**** Records to process ****
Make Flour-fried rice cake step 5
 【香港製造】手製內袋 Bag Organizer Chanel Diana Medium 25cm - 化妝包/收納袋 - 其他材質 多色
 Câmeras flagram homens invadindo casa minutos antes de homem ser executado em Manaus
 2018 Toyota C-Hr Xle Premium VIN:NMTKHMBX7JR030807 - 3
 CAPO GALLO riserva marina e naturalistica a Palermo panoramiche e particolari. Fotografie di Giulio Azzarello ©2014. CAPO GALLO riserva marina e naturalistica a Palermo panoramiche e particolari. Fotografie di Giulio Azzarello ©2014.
****
▶ What is needed:
All of the entries should be transcribed exactly as they appear.

▶ Completed task:
Make Flour-fried rice cake step 5
 【香港製造】手製內袋 Bag Organizer Chanel Diana Medium 25cm - 化妝包/收納袋 - 其他材質 多色
 Câmeras flagram homens invadindo casa minutos antes de homem ser executado em Manaus
 2018 Toyota C-Hr Xle Premium VIN:NMTKHMBX7JR030807 - 3
 CAPO GALLO riserva marina e naturalistica a Palermo panoramiche e particolari. Fotografie di Giulio Azzarello ©2014. CAPO GALLO riserva marina e naturalistica a Palermo panoramiche e particolari. Fotografie di Giulio Azzarello ©2014.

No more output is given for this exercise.